What you need to do. Reproduce only this stretch of the listing below: from the line with "October 9, 2026, GER, Soccer, Women" through the line with "Фольксваген Пассат 2014", exactly as written, with pictures excluded.

Information.
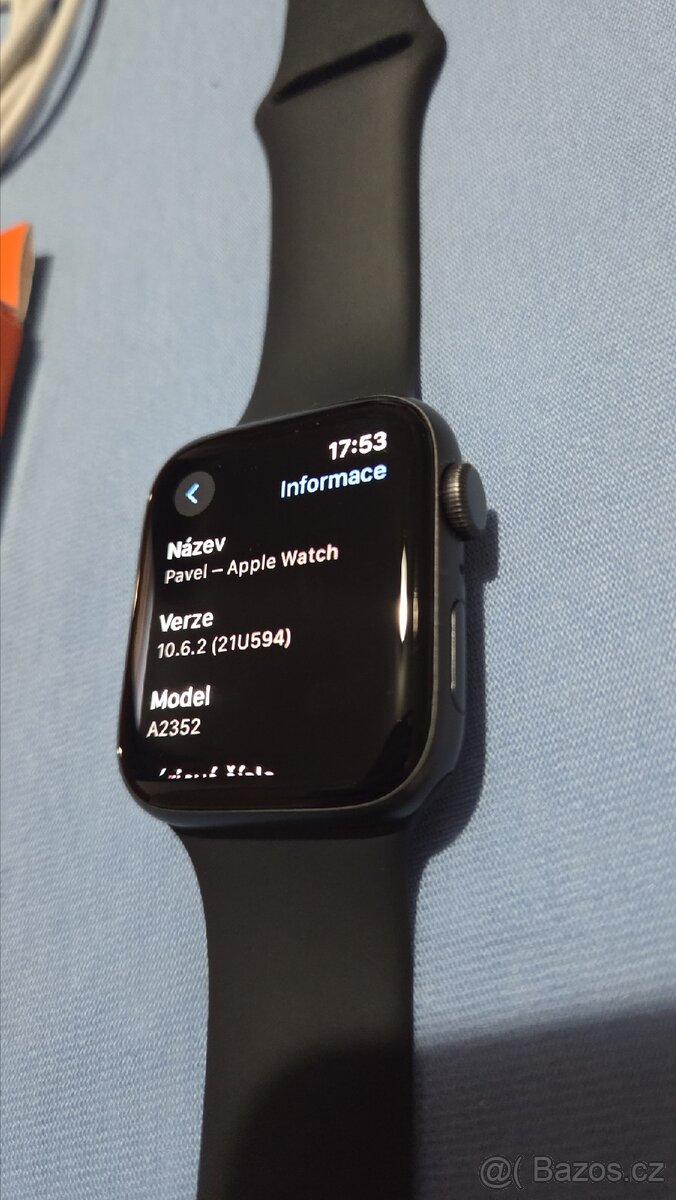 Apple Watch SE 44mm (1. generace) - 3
...
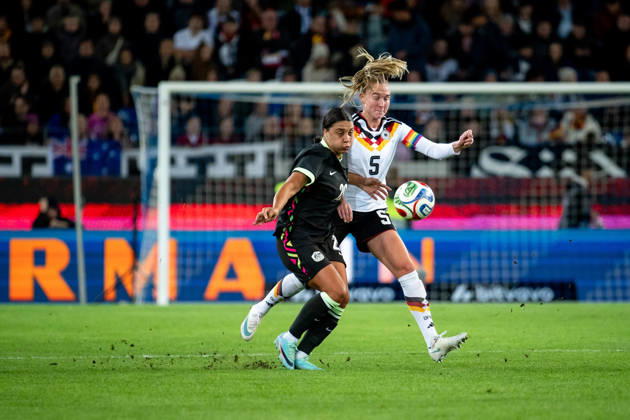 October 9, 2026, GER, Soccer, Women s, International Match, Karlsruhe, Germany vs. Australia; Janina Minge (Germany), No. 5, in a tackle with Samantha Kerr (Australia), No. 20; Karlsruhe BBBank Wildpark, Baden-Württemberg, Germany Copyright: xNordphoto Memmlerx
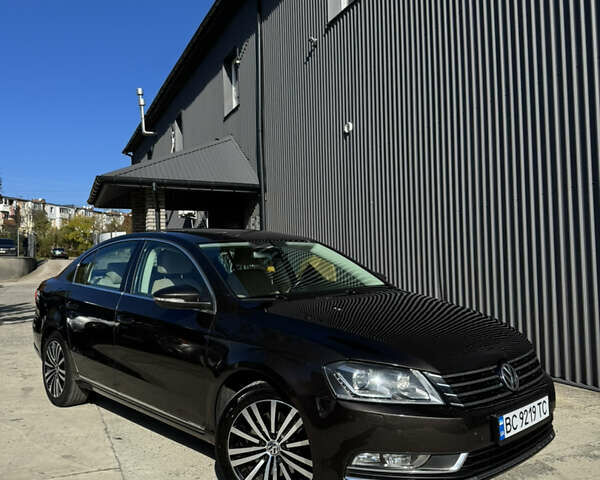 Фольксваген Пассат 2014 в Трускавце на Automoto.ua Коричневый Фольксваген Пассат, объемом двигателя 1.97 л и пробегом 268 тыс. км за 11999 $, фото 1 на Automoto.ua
...
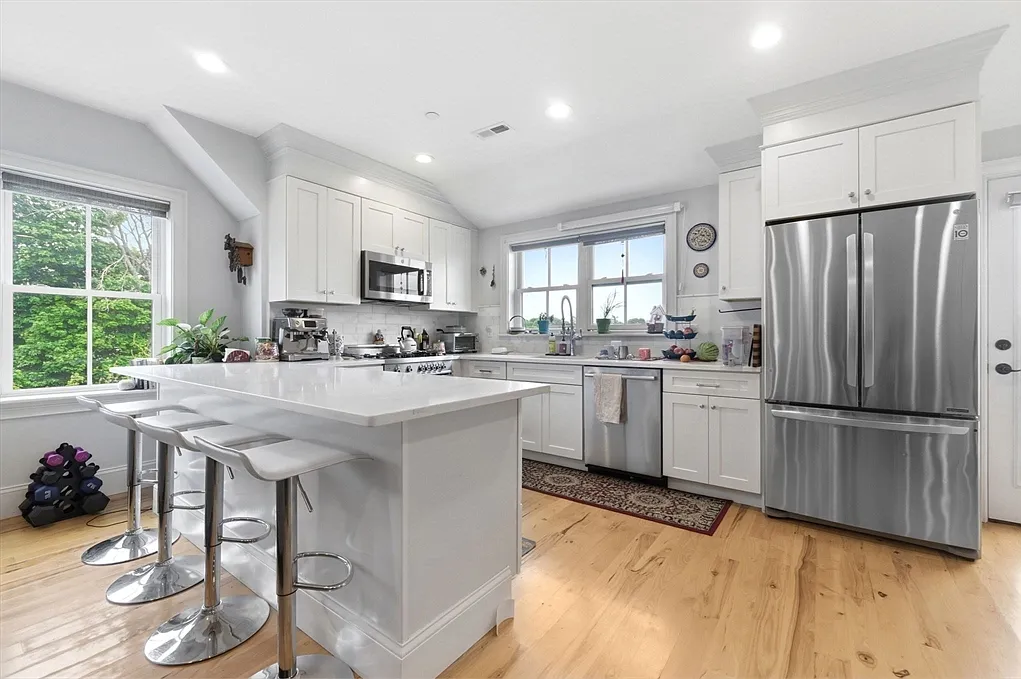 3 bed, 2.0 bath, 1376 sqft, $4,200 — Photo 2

Solution to the problem.
 October 9, 2026, GER, Soccer, Women s, International Match, Karlsruhe, Germany vs. Australia; Janina Minge (Germany), No. 5, in a tackle with Samantha Kerr (Australia), No. 20; Karlsruhe BBBank Wildpark, Baden-Württemberg, Germany Copyright: xNordphoto Memmlerx
 Фольксваген Пассат 2014 в Трускавце на Automoto.ua Коричневый Фольксваген Пассат, объемом двигателя 1.97 л и пробегом 268 тыс. км за 11999 $, фото 1 на Automoto.ua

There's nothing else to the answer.